Although profiling is well-known, at least as functionality that’s operated through more or less standard tools, the underlying API functions arguably count as obscure. That I was documenting those functions for their constructive use by programmers in general is how this way to crash Windows was found. That is, of course, a very much larger project than the search for a security vulnerability. Even the relatively few pages of documentation that have yet resulted from that project far exceed what you will want to know for understanding the defect that allows this bug check from user mode. Still, you will need at least a summary.

The NtCreateProfile and NtCreateProfileEx functions—henceforth, I’ll use just the former to stand for both—are undocumented NTDLL exports that ask the kernel to prepare for a statistical sampling of what gets executed. The sampling is done via a recurring hardware interrupt which the successful caller enables and disables by calling NtStartProfile and NtStopProfile. Whenever the interrupt occurs, the kernel, in a function named KeProfileInterruptWithSource, looks at where the interrupt is to return to and builds a frequency distribution. This is the profile. It counts how many times the computer was found to be executing here versus there.

The user-mode caller of NtCreateProfile gets to specify what execution to sample and where to put the results.
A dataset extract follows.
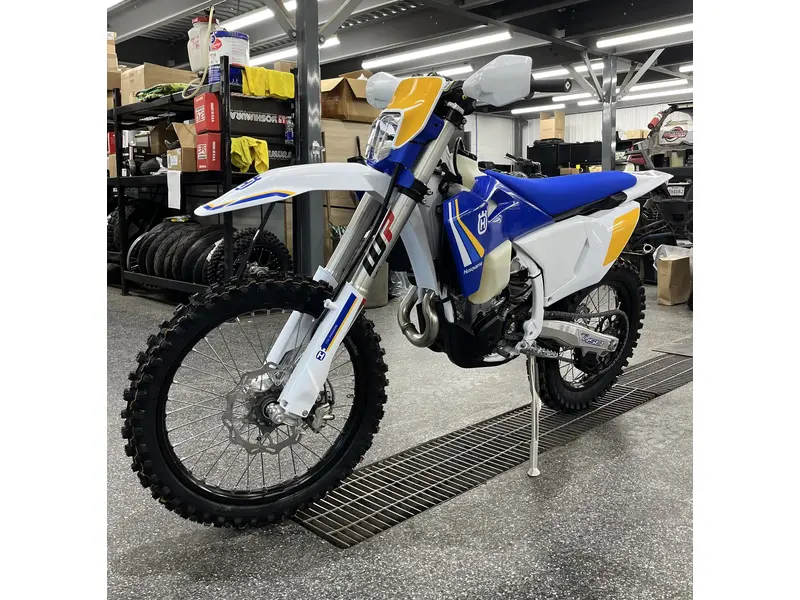 2025 Husqvarna FE 450 HERITAGE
Three parameters are specially relevant. First is a range of address space, here referred to as the profiled region, that is all the caller wants to get execution counts for. Second, because the profiled region may be very large, e.g., when taking in an overview, it is impractical in general to keep execution counts for each instruction in the profiled region. Granularity is introduced by treating the profiled region as an array of buckets, whose size the caller specifies. Third, the frequency distribution has to go somewhere. The caller supplies an output buffer that must be large enough to receive one 32-bit execution count for each bucket that spans the profiled region.
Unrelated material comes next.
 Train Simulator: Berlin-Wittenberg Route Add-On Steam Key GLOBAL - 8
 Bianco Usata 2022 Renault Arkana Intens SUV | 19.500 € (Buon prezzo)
On proceeding to NtStartProfile, hardware interrupts start to occur. For each one whose return address is within the profiled region, the kernel’s KeProfileInterruptWithSource computes which bucket in that region contains the return address and it increments the corresponding execution count in the output buffer. Vitally important background here is that although the user-mode caller naturally provides a user-mode address for the output buffer, NtStartProfile will have locked that buffer into physical memory and mapped it into system address space, and it is this mapped address that KeProfileInterruptWithSource uses when incrementing an execution count.

Defect

You can perhaps guess now what goes wrong. The defect is in the first instance a slackness in parameter validation by the common implementation of the NtCreateProfile and NtCreateProfileEx functions. The misuse that is meant by this article’s opening sentence is that a caller specifies a profiled region that is spanned by more buckets than are allowed for in the output buffer. The implementation in all known versions defends against this incorrectly. Though flagrant excess gets rejected, not all excess does. A given size of buffer allows for only so many execution counts. Each whole ULONG in the buffer supports one bucket for the profiled region. Take that maximum number of buckets that are supported by the buffer, multiply by the bucket size, and you have a maximum size that can safely be permitted for the profiled region. Instead, the defective parameter validation lets a mischievous caller sneak past with a profiled region that exceeds that maximum by as much as one byte less than a quarter of a bucket.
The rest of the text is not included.